The system is believed by some people to be a good way to accelerate capital turnover. Thanks to the system, property developers are able to set up many buildings under heavy capital pressure. Banks also benefit from people taking out a greater number of housing loans and homebuyers can reduce expenditure.

Because a pre-sale price is generally 10 percent lower than that of completed houses, people prefer the former option. They think the system is reasonable so, despite problems in enforcement processes, the situation is not so bad that it has to be annulled. Moreover, abolition might lead to price fluctuations because of supply shortages, at least within short periods of time.

But many homebuyers and economists think seven "imputations" of this system, including increasing legal risk and the long wait between pre-selling and home delivery. Consequently, many people believe the system, which they think favors developers, should be done away with.

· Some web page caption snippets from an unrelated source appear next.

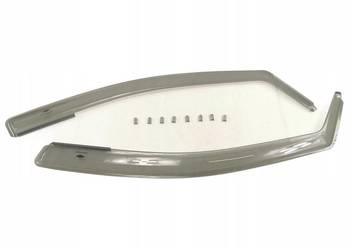 OWIEWKI SZYBY 2SZT CHEVROLET AVEO 5D 2011-... / MIXED AT00019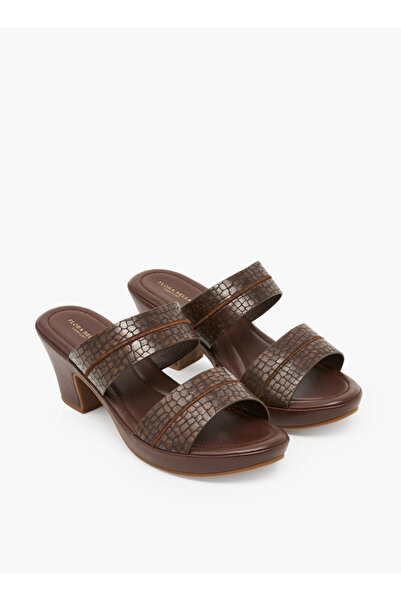 Flora Bella by Shoexpress Women Block Heel Sandals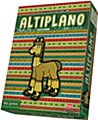 Altiplano (Japanese Ver.)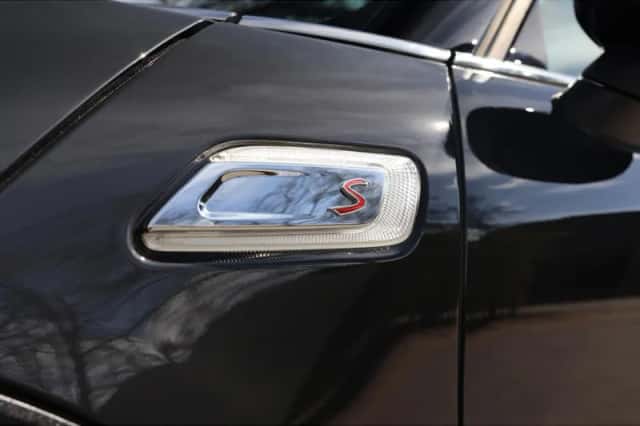 MINI Clubman (2020) thumbnail 4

Will housing prices rise even more after annulment of the pre-sale system? Without previous payment, economists predict, property developers may have to face capital shortage and, in order to reclaim investment, they will tend not to sit on apartment blocks. This will undoubtedly increase the efficiency of land use and house supply. If only completed houses are sold, not only will there be less cases of repeated house transfers, but speculation in the housing market will also fall, because speculators will be risking their own capital input. In this case, housing prices are unlikely to rocket.

High time to abolish

Zhou Yun (Zhujiang Evening News): If you go shopping in stores or markets, the goods are yours at the same time you pay for them. But it's strange a costly home is delivered to the buyer months or even years after he or she pays for it. This kind of business obviously favors sellers and is very unfair to consumers. But the housing pre-sale system has existed in China's housing market for more than a decade.

The pre-sale system is quite blamable and its major problem is to push forward housing prices. The real estate sector is capital-intensive and so developers are very nervous about their capital turnover. The pre-sale system helps to remove developers' concerns about capital to a great degree. If only completed apartment buildings can be traded, developers must have been in heavy debt when building is finished. In order to reclaim investment as soon as possible, they will probably choose to sell houses at reasonable prices.

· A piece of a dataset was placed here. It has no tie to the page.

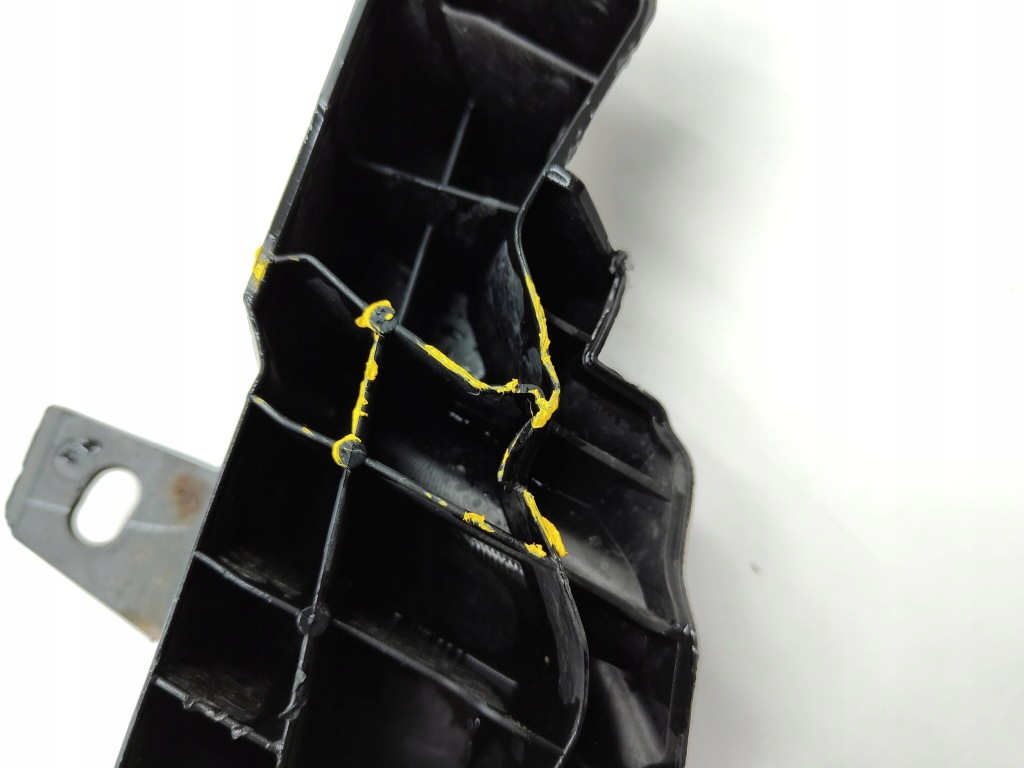 Toyota corolla e21 абсорбер балка бампера перед передний 52618-02180 Цена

Exorbitantly high housing prices have triggered numerous social problems. In response, the Central Government has adopted a series of countermeasures. These policies are effective to some extent, but are not decisive. Many housing developers choose to wait and see. If the pre-sale system is annulled, along with other credit tightening policies, developers might feel nervous about the capital chain, which, once it is broken, will doom their survival sooner or later. As a result, housing prices are surely going to drop.

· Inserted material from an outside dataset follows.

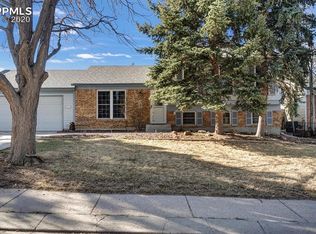 4821 Harvest Rd, Colorado Springs, CO 80917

Yu Fenghui (Yanzhao Metropolis Daily): Chinese real estate developers are able to make big profits in two ways: One is to purchase a lot of land with a small down payment at land auctions and exchange for bank loans with the purchased land as guaranty; the other is to pre-sell houses under construction so purchasers pay for the construction of the buildings, instead of the developers.

The pre-sale system was set up in 1998, in order to boost China's sluggish real estate sector. But, with rapid development, the real estate sector has already accumulated a certain capacity. If the system continues, it will only encourage speculation and cause greater bubbles in the market. Under this system, developers provide houses in arrears and sometimes corrupt developers even make off with homebuyers' money. The pre-sale system was originally a financial credit system, but it lacked stringent supervision and was, in essence, an unfair system that gave property developers an advantage while rendering buyers passive.

As for real estate bubbles, the pre-sale system should shoulder most of the blame. To annul this system will help to create a healthier property market where developers are encouraged to sell, reclaim investment and desist from hoarding property. This will help to prevent financial risks and ensure the sound development of the real estate sector.